Academic background
- Alma mater: University of London (PhD) University of the West of England, Bristol (BA, MA)
- Thesis: Colonizin in reverse! The creolised aesthetic of the empire windrush generation. (2010)
- Website: Christine Checinska

= Christine Checinska =

British womenswear designer and art historian

Christine Shaw-Checinska is a British Jamaican womenswear designer, curator and art historian. She is the inaugural Senior Curator of African and African Diaspora Fashion and Textiles at the Victoria and Albert Museum. Her work considers the relationship between cloth, culture and race.
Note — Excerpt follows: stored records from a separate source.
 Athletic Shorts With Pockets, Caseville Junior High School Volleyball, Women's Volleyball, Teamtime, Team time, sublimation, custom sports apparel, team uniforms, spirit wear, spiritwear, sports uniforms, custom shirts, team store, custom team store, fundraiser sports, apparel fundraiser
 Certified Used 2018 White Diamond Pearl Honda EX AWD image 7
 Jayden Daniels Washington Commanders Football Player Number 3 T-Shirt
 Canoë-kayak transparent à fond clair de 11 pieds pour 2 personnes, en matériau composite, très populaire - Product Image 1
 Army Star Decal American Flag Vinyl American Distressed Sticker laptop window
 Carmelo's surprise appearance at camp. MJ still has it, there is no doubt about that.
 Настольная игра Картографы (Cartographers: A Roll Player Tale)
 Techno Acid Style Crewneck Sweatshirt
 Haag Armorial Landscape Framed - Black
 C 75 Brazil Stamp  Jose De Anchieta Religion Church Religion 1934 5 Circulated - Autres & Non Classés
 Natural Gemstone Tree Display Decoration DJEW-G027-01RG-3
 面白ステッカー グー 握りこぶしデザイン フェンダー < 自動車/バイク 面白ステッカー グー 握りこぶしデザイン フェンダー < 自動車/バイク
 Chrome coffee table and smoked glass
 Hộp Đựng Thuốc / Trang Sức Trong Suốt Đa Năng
== Early life and education ==
Checinska studied fashion and textile design at the University of the West of England in Bristol and graduate with a bachelor's degree in fashion and textile design in 1986. She earned a master's degree at the Surrey Institute of Art & Design in 2002. Checinska moved to Goldsmiths, University of London for her doctoral studies, where she studied the aesthetic of the Windrush generation. She was a postdoctoral researcher at the University of East London Checinska worked with Iniva (the Institute for International Visual Arts) on several projects, including Cloth & Differences and Social Fabric, which explored textiles and social processes. She established the Clothes, Cloth and Culture Group at Iniva's Stuart Hall Library in 2013.

== Research and career ==
Checinska was appointed as a Lecturer in Fashion at Goldsmiths, University of London, and held a joint position at the University of Johannesburg, Visual Identities in Art and Design Research Centre. She has worked as a freelance fashion designer, leading collections for Margaret Howell. Her work considers the relationship between cloth, culture and race; exploring themes such as colonialism and international trade.

In 2016 her show The Arrivants debuted at the University of Johannesburg FADA (Faculty of Art, Design and Architecture) Gallery. The Arrivants considered the intersection of race, culture and fashion, with a particular focus on the role of dress in the negotiation of social borders. Later that year, she delivered a TED Talk that explored fashion as everyday activism. During her talk she coined the phrase "Craftivist".

In 2020, Checinska became the inaugural Curator of African and African Diaspora Fashion at the Victoria and Albert Museum. She is Lead Curator of the Victoria and Albert Museum's major exhibition Africa Fashion (July 2022–April 2023).